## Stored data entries
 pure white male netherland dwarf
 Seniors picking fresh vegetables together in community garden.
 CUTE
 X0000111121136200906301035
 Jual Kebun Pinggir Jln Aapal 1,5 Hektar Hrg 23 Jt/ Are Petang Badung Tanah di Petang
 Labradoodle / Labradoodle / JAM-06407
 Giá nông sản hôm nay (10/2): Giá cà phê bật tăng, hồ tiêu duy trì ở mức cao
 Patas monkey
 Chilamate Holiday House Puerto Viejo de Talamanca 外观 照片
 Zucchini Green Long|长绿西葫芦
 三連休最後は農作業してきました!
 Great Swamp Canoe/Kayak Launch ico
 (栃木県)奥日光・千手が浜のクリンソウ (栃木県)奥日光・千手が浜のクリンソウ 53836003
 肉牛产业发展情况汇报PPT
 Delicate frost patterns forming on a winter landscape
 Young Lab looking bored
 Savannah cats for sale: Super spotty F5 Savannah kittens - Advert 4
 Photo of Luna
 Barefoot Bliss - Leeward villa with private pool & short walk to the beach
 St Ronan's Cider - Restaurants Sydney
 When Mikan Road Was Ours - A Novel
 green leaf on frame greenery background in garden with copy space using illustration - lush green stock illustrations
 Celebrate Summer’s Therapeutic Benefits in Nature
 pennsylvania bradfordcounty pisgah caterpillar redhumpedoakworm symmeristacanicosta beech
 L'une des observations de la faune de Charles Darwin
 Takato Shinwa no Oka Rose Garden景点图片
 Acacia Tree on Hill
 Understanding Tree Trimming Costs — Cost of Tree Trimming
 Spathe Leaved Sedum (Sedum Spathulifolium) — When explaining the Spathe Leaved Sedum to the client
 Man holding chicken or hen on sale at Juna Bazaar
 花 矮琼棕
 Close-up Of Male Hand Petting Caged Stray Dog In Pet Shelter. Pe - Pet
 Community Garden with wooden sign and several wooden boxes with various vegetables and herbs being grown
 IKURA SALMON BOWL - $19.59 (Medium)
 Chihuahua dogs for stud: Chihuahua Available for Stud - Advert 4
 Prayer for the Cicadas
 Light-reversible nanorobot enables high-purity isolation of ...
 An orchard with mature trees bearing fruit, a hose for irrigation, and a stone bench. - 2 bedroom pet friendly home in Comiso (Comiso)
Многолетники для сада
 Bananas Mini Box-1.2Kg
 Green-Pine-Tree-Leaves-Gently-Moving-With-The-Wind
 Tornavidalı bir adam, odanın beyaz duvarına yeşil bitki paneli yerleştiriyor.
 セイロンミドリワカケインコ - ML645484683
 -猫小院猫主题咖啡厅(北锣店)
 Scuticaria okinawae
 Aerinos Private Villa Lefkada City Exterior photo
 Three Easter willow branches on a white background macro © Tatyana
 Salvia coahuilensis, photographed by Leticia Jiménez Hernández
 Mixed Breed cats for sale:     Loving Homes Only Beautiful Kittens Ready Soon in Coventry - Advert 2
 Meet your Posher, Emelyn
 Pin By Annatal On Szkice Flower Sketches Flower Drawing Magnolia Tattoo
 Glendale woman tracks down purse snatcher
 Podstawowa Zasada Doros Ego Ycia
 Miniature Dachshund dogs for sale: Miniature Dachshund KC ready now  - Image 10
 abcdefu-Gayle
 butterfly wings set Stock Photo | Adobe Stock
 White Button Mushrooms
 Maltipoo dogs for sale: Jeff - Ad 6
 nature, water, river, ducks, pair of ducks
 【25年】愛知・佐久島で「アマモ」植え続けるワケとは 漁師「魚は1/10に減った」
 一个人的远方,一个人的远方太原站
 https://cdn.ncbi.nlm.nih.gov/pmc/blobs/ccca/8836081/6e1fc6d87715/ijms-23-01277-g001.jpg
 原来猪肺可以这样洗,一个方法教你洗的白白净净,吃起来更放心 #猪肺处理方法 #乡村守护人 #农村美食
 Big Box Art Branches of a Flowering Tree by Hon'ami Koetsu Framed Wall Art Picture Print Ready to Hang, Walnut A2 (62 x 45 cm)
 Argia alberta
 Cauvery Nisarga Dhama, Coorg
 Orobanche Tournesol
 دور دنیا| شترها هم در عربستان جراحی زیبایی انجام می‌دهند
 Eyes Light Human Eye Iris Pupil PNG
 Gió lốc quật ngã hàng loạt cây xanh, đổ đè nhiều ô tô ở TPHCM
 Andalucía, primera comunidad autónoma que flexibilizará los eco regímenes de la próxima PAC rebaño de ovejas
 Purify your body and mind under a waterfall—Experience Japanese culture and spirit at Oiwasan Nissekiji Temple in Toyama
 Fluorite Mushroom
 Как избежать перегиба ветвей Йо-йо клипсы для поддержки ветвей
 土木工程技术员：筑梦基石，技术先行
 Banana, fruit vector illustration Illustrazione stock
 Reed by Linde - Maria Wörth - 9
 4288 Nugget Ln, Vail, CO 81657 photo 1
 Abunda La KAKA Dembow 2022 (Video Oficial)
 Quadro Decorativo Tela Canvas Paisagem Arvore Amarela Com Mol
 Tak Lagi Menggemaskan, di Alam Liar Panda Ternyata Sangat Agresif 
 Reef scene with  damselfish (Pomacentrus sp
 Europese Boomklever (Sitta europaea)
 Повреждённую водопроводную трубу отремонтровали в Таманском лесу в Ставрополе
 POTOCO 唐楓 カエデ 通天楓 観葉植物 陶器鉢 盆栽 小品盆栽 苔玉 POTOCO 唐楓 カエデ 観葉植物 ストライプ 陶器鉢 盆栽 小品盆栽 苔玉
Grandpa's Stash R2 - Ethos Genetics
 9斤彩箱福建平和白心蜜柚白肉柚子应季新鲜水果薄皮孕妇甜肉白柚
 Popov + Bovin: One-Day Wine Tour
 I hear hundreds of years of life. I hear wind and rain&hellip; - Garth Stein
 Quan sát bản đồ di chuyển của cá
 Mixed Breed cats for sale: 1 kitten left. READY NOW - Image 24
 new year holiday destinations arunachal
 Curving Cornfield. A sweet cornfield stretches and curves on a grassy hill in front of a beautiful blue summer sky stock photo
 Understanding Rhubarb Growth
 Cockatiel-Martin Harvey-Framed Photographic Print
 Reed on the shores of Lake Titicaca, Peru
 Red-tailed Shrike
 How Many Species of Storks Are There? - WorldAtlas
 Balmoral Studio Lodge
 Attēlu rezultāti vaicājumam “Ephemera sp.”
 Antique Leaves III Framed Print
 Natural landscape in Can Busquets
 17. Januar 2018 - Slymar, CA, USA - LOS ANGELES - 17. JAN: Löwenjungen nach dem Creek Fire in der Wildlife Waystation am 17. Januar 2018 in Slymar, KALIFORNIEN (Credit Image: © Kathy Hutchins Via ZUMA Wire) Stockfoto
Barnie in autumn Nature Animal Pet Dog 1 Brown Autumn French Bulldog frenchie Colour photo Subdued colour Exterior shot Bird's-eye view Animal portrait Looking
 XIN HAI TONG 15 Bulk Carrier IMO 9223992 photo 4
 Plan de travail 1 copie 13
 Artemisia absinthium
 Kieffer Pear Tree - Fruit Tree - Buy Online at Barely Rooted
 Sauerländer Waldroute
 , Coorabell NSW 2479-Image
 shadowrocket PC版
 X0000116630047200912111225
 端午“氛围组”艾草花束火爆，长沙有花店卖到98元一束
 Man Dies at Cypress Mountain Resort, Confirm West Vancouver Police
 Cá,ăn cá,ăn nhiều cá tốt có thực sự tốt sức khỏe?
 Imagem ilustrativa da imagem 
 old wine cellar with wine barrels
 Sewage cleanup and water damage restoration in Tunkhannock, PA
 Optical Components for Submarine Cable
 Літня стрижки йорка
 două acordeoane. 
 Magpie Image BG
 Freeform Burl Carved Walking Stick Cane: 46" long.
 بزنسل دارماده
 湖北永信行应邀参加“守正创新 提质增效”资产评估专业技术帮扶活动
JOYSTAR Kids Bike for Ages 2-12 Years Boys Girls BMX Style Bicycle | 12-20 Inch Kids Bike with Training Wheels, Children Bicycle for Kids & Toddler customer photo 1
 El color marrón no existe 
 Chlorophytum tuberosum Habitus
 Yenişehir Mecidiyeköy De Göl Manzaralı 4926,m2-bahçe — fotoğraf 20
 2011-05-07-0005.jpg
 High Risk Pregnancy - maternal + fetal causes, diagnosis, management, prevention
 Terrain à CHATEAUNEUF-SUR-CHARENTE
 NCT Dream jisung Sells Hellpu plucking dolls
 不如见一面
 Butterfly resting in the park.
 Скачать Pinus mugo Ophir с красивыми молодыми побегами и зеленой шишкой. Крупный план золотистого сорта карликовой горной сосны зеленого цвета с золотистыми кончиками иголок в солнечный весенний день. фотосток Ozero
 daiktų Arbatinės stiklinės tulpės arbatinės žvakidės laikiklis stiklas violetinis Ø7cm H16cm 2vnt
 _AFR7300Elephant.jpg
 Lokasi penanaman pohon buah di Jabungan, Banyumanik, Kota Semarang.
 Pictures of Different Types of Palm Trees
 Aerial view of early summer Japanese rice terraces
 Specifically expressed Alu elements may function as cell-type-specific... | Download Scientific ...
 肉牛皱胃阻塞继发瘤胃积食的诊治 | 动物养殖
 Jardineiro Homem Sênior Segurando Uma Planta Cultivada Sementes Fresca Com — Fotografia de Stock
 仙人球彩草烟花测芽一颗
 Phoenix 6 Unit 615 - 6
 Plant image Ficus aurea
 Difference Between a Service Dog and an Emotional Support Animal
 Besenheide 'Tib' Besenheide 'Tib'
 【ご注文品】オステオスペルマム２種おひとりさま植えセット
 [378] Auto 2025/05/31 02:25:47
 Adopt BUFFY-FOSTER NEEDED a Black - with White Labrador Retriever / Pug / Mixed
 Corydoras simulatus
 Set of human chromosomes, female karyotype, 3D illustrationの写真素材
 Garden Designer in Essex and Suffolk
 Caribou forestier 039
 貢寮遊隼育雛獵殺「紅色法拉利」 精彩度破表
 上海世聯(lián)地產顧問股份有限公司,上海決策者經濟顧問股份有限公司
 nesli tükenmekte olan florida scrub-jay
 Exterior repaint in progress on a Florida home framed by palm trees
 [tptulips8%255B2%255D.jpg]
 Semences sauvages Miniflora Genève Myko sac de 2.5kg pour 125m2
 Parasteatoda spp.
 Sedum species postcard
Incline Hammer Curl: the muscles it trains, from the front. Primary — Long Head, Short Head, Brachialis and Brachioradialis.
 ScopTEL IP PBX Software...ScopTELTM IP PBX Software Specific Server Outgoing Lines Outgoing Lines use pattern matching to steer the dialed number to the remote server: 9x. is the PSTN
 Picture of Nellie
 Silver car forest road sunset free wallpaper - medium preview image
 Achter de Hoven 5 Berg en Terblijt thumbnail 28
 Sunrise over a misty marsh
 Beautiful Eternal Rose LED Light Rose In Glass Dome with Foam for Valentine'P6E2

## Your goal
Only one stretch of the records above is wanted: the lines between the one holding "Grandpa's Stash R2 - Ethos Genetics" and the one holding "Quan sát bản đồ di chuyển của cá", inclusive, reproduced exactly.

## Exercise response
Grandpa's Stash R2 - Ethos Genetics
 9斤彩箱福建平和白心蜜柚白肉柚子应季新鲜水果薄皮孕妇甜肉白柚
 Popov + Bovin: One-Day Wine Tour
 I hear hundreds of years of life. I hear wind and rain&hellip; - Garth Stein
 Quan sát bản đồ di chuyển của cá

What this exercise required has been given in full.